Grandi maestri, Talleyrand e Fouché, ma anche grandissimi allievi. In Italia se ne ricordano uno, nessuno e centomila. Questi ultimi sono i borghesi piccoli piccoli costretti a passare, più o meno volentieri, dal servizio alla burocrazia asburgica a quella francese a quella asburgica. Ma è roba da poco, si tratta di pesciolini che rischiavano altrimenti di affogare nel mare degli stravolgimenti. In fondo dei nessuno.

 A volerne ricordare uno, invece, ne ricordiamo un paio. Ma sono nomi grossi. Ugo Foscolo, che era veneziano, aprì le braccia all’Armata d’Italia, ma quando venne concesso all’Austria dal liberatore insieme a tutti i suoi concittadino prese a nutrire sincero sdegno, e non si potrebbe dargli torto. Aveva scritto l’Ode al Bonaparte liberatore? Se la rimangiò ufficialmente. Un coraggioso che controcorrente andò fino in fondo.

Almeno apparentemente, perché poi divenne professore ed ufficiale dopo essersi ingraziato Augusto Caffarelli, aiutante di campo dell’Imperatore e ministro della guerra del Regno d’Italia. Eroicamente, nel 19813, mentre tutti davano il suo mentore per spacciato causa la disastrosa campagna di Russia, chiese addirittura di tornare al servizio effettivo. Ma poi fu beccato a trescare con l’Austria, al momento di stendere il programma di una rivista letteraria che avrebbe imbrigliato il consenso della classe intellettuale ai vecchi e nuovi padroni. Gli austriaci vollero imporgli un giuramento di fedeltà, perché non si fidarono, e solo allora partì per Londra.
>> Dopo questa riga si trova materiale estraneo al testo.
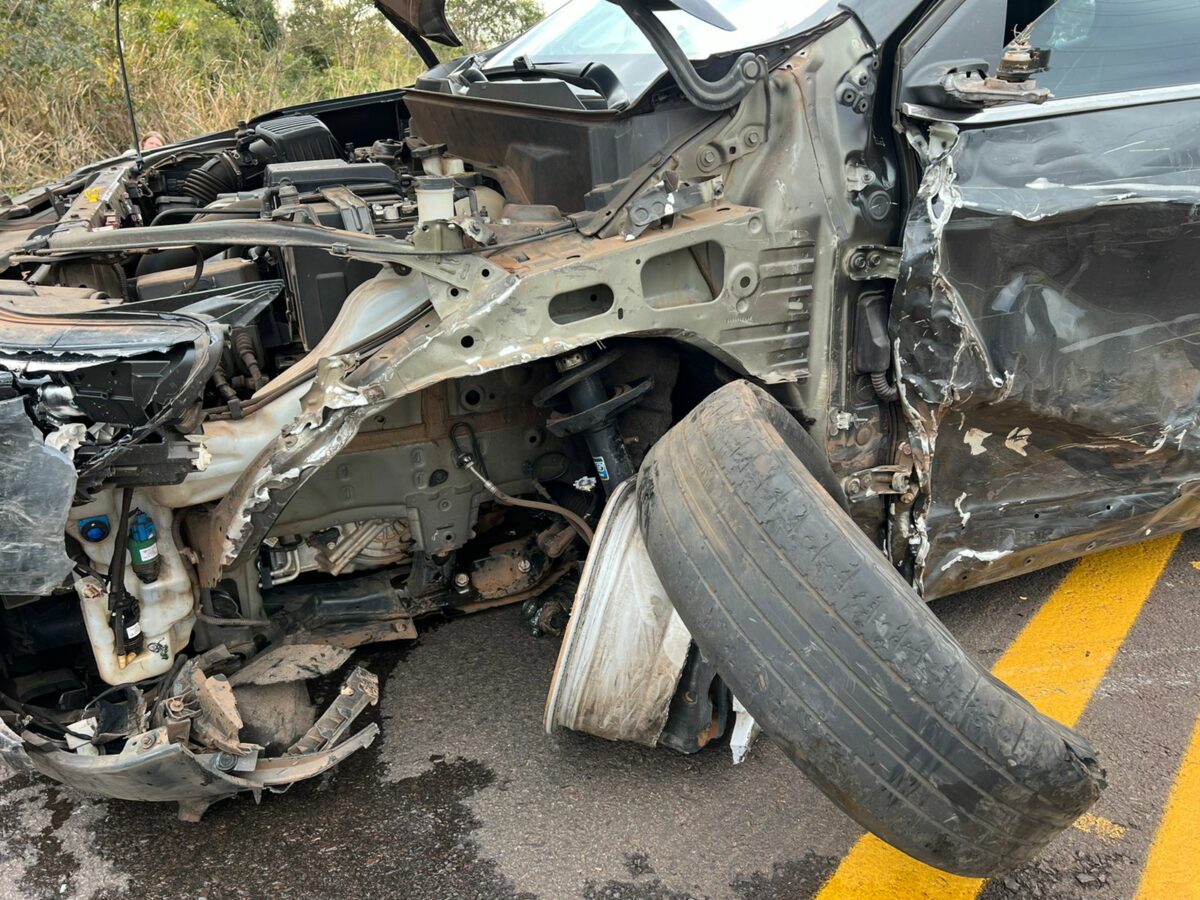 Médica de Andradina perde controle do veículo e bate em carreta na BR 262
Ma ristampò nel 1816, in Svizzera, le Ultime lettere di Jacopo Ortis, aggiungendone una. Era datata 17 marzo e vi si definiva Napoleone “basso e vile”, come già durante i Cento Giorni lo aveva stigmatizzato come “Silla Frenetico”. Il 17 marzo è sempre di gran voga il parlar male di Cesare.
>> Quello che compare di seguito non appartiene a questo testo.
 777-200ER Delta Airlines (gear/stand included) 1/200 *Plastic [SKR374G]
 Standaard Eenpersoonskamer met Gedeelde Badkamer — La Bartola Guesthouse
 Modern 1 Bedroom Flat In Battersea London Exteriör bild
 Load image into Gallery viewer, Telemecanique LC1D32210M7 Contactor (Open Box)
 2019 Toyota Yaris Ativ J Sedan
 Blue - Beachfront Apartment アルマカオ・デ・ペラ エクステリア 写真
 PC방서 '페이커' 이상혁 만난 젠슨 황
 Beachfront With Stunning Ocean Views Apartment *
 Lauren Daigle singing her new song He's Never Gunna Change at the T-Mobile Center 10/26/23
Niente, però, in confronto a Monti. Questi tessè le lodi del Papa, poi scrisse la Mosogonia per fare lo stesso con l’Austria (che con il Papa non andava molto d’accordo) ma al momento opportuno ne soppresse l’edizione per farne circolare un’altra uguale in tutto e per tutto, salvo che per un particolare. Ora lodava Napoleone. Lasciò Roma per andare a Milano, ma i locali giacobini non è che lo presero molto sul serio dato il suo recente passato. Tornò a fare il panegirico di Napoleone ma quando fu il caso scrisse Il Ritornodi Astrea per glorificare Vienna.

E Manzoni? Disilluso nei confronti di Napoleone dopo il 1797, nel 1814 scrisse: “Il tiranno è caduto: sorgete / genti oppresse, l’Italia respira”. Ma non finì la canzone e non si sa perché. Ad ogni modo, nell’apprendere dell’esito di Waterloo, venne colto da malore.

Infine il 5 maggio, come si sa, lasciò la questione in sospeso: “fu vera gloria?”. Chiedetelo ai posteri. I contemporanei non ci capiscono più nulla. O, meglio, si dichiarano inadeguati.